__Work to be completed__
Print all of the data exactly as written.
··· Records for the exercise
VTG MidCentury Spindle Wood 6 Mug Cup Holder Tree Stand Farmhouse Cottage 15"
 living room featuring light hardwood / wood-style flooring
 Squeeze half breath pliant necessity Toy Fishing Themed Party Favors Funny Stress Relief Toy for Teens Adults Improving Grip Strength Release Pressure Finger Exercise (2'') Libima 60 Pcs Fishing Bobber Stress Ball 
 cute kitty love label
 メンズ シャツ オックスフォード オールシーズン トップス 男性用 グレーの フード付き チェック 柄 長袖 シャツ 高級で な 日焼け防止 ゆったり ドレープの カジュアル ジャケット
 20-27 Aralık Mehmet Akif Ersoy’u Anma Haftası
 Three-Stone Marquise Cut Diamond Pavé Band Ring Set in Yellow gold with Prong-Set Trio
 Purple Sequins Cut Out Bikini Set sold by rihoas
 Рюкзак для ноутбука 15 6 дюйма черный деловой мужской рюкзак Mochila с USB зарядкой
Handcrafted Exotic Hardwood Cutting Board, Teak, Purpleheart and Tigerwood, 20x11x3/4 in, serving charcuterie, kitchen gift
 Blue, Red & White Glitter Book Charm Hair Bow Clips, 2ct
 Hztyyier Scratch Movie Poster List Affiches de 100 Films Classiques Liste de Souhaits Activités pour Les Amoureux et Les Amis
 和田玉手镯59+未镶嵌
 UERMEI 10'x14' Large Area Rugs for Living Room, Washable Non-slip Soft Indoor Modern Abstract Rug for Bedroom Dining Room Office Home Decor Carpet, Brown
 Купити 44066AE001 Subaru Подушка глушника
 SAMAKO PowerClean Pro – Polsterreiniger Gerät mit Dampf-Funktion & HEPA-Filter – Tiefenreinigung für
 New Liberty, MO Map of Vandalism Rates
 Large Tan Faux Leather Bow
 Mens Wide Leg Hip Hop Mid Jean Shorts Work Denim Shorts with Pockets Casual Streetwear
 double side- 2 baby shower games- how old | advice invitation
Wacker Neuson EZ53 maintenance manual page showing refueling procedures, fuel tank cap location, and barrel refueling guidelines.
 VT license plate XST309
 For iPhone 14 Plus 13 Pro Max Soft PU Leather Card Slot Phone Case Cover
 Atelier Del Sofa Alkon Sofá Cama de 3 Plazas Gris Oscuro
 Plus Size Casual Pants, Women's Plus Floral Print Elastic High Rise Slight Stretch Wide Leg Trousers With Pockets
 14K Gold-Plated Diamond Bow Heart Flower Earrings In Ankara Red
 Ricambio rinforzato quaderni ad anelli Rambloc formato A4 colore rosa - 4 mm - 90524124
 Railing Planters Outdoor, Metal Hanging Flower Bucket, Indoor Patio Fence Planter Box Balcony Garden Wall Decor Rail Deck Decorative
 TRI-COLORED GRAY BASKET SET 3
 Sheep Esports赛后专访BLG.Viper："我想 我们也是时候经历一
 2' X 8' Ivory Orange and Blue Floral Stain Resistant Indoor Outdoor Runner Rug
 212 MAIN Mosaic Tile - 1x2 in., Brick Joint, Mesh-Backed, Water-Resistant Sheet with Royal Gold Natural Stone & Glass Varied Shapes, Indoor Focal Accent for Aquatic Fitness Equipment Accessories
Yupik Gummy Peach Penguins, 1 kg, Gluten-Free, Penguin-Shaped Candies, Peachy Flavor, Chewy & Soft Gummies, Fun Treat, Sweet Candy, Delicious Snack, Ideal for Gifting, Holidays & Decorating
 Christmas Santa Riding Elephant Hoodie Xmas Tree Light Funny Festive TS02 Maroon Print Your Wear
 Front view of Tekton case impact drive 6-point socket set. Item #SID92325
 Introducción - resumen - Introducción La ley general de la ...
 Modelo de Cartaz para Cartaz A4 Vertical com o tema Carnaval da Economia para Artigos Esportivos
······
__Expected output__
VTG MidCentury Spindle Wood 6 Mug Cup Holder Tree Stand Farmhouse Cottage 15"
 living room featuring light hardwood / wood-style flooring
 Squeeze half breath pliant necessity Toy Fishing Themed Party Favors Funny Stress Relief Toy for Teens Adults Improving Grip Strength Release Pressure Finger Exercise (2'') Libima 60 Pcs Fishing Bobber Stress Ball 
 cute kitty love label
 メンズ シャツ オックスフォード オールシーズン トップス 男性用 グレーの フード付き チェック 柄 長袖 シャツ 高級で な 日焼け防止 ゆったり ドレープの カジュアル ジャケット
 20-27 Aralık Mehmet Akif Ersoy’u Anma Haftası
 Three-Stone Marquise Cut Diamond Pavé Band Ring Set in Yellow gold with Prong-Set Trio
 Purple Sequins Cut Out Bikini Set sold by rihoas
 Рюкзак для ноутбука 15 6 дюйма черный деловой мужской рюкзак Mochila с USB зарядкой
Handcrafted Exotic Hardwood Cutting Board, Teak, Purpleheart and Tigerwood, 20x11x3/4 in, serving charcuterie, kitchen gift
 Blue, Red & White Glitter Book Charm Hair Bow Clips, 2ct
 Hztyyier Scratch Movie Poster List Affiches de 100 Films Classiques Liste de Souhaits Activités pour Les Amoureux et Les Amis
 和田玉手镯59+未镶嵌
 UERMEI 10'x14' Large Area Rugs for Living Room, Washable Non-slip Soft Indoor Modern Abstract Rug for Bedroom Dining Room Office Home Decor Carpet, Brown
 Купити 44066AE001 Subaru Подушка глушника
 SAMAKO PowerClean Pro – Polsterreiniger Gerät mit Dampf-Funktion & HEPA-Filter – Tiefenreinigung für
 New Liberty, MO Map of Vandalism Rates
 Large Tan Faux Leather Bow
 Mens Wide Leg Hip Hop Mid Jean Shorts Work Denim Shorts with Pockets Casual Streetwear
 double side- 2 baby shower games- how old | advice invitation
Wacker Neuson EZ53 maintenance manual page showing refueling procedures, fuel tank cap location, and barrel refueling guidelines.
 VT license plate XST309
 For iPhone 14 Plus 13 Pro Max Soft PU Leather Card Slot Phone Case Cover
 Atelier Del Sofa Alkon Sofá Cama de 3 Plazas Gris Oscuro
 Plus Size Casual Pants, Women's Plus Floral Print Elastic High Rise Slight Stretch Wide Leg Trousers With Pockets
 14K Gold-Plated Diamond Bow Heart Flower Earrings In Ankara Red
 Ricambio rinforzato quaderni ad anelli Rambloc formato A4 colore rosa - 4 mm - 90524124
 Railing Planters Outdoor, Metal Hanging Flower Bucket, Indoor Patio Fence Planter Box Balcony Garden Wall Decor Rail Deck Decorative
 TRI-COLORED GRAY BASKET SET 3
 Sheep Esports赛后专访BLG.Viper："我想 我们也是时候经历一
 2' X 8' Ivory Orange and Blue Floral Stain Resistant Indoor Outdoor Runner Rug
 212 MAIN Mosaic Tile - 1x2 in., Brick Joint, Mesh-Backed, Water-Resistant Sheet with Royal Gold Natural Stone & Glass Varied Shapes, Indoor Focal Accent for Aquatic Fitness Equipment Accessories
Yupik Gummy Peach Penguins, 1 kg, Gluten-Free, Penguin-Shaped Candies, Peachy Flavor, Chewy & Soft Gummies, Fun Treat, Sweet Candy, Delicious Snack, Ideal for Gifting, Holidays & Decorating
 Christmas Santa Riding Elephant Hoodie Xmas Tree Light Funny Festive TS02 Maroon Print Your Wear
 Front view of Tekton case impact drive 6-point socket set. Item #SID92325
 Introducción - resumen - Introducción La ley general de la ...
 Modelo de Cartaz para Cartaz A4 Vertical com o tema Carnaval da Economia para Artigos Esportivos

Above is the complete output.